Abstract

Dear Editors,
We read with great interest the professional practice article: Strengthening Community-Based Occupational Health Strategies for Agricultural Workers: Beyond Emergency Response Toward Scalable and Measurable Impact by Rodriguez et al. (2026), which presents a comprehensive account of community-based occupational health interventions implemented among agricultural workers during the COVID-19 pandemic. The authors describe large-scale efforts, including multilingual education, on-farm vaccination clinics, and economic relief initiatives targeting vulnerable rural populations. These initiatives align with prior research highlighting the value of culturally tailored and community-engaged approaches in improving access to health services among marginalized workers (Scott et al., 2018; Swanberg et al., 2018). However, we argue that the article overemphasizes programmatic reach while addressing critical issues related to outcome validity, scalability, and structural determinants of occupational health inequities.

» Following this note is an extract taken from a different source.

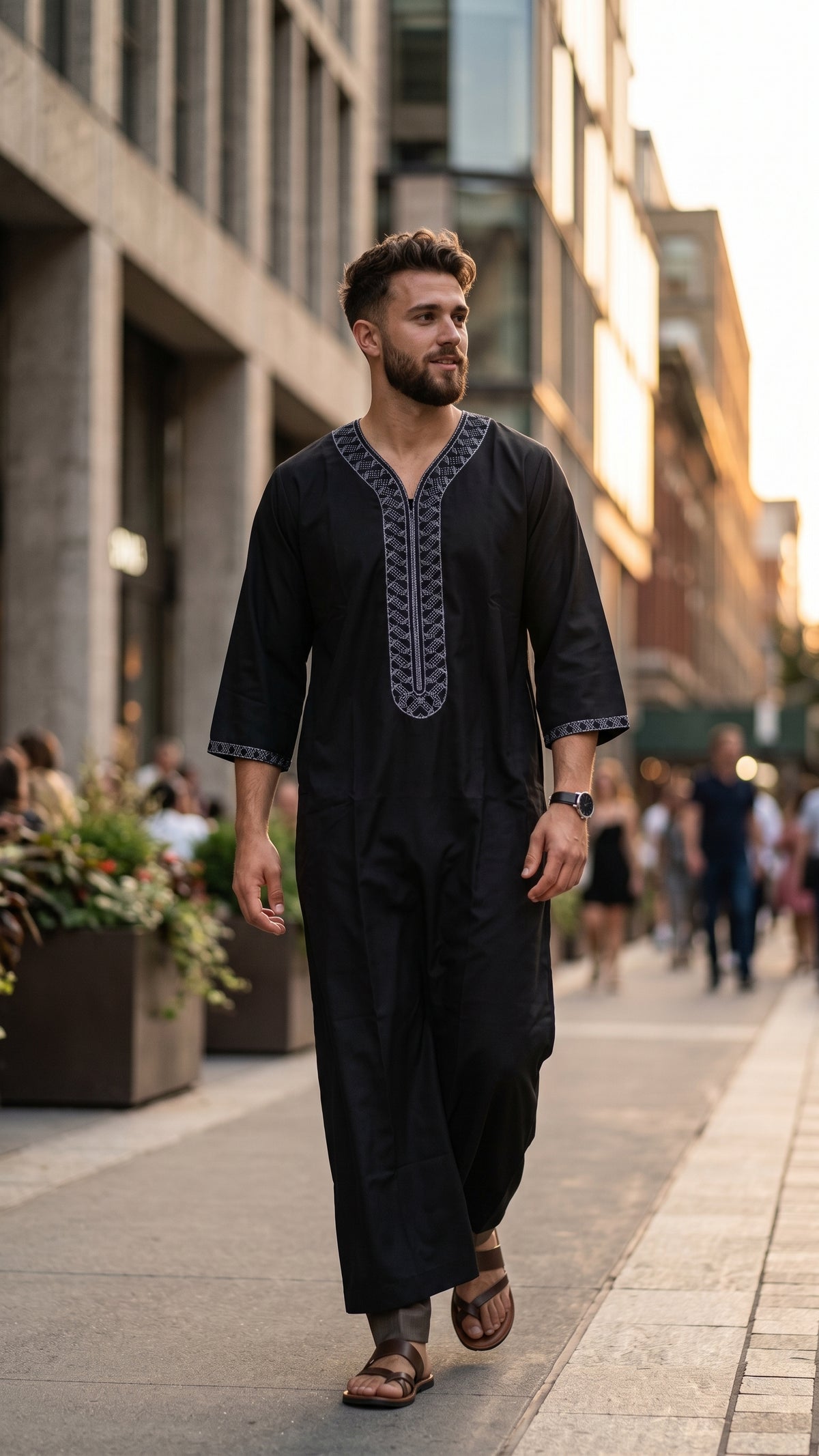 Men Moroccan Thobes - MTK01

Programmatic Success Without Outcome Validity
Rodriguez et al. (2026) report extensive outreach metrics, including thousands of training sessions, vaccination events, and community visits. While these figures demonstrate substantial implementation capacity, they do not provide sufficient evidence of sustained occupational health impact. The reported improvements in knowledge scores following training remain limited to short-term cognitive outcomes and do not capture long-term behavioral change or reductions in workplace exposure risks. This limitation is well documented in occupational health research, where knowledge gains alone rarely translate into sustained safety behaviors without structural and organizational support (Shannon et al., 2023; Susanto et al., 2020). Moreover, the absence of longitudinal follow-up, control groups, and objective health indicators restricts the ability to establish causal relationships between interventions and outcomes. Consequently, the article risks equating activity volume with effectiveness, thereby privileging implementation metrics over meaningful health impact.

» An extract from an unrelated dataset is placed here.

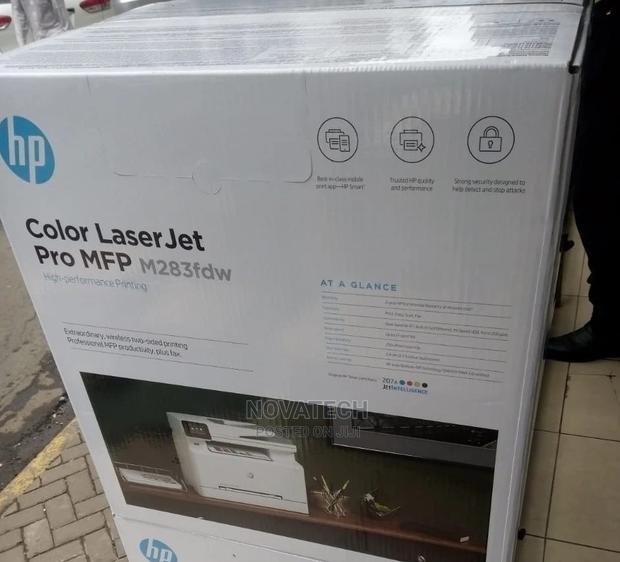 HP Laserjet Pro M283fdw Printer - main view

Limited Scalability of Resource-Intensive Interventions
A second concern relates to the scalability of the intervention model. The initiatives described rely on substantial funding, extensive partnerships, and long-established community networks, with more than $4.5 million mobilized to support program delivery. Although this enables comprehensive outreach, it raises questions regarding feasibility in resource-constrained settings. The discontinuation of the Sembrando el Sueño program following funding cuts illustrates the fragility of grant-dependent interventions. This reflects a broader challenge in occupational health practice, where programs lacking institutional integration often struggle to achieve sustainability beyond externally funded periods (Dally et al., 2022; Susanto et al., 2020). Furthermore, the reliance on multidisciplinary teams and intensive outreach strategies may limit replicability in contexts with limited infrastructure. Without embedding such interventions into formal occupational health systems or employer-based safety frameworks, their long-term scalability remains uncertain.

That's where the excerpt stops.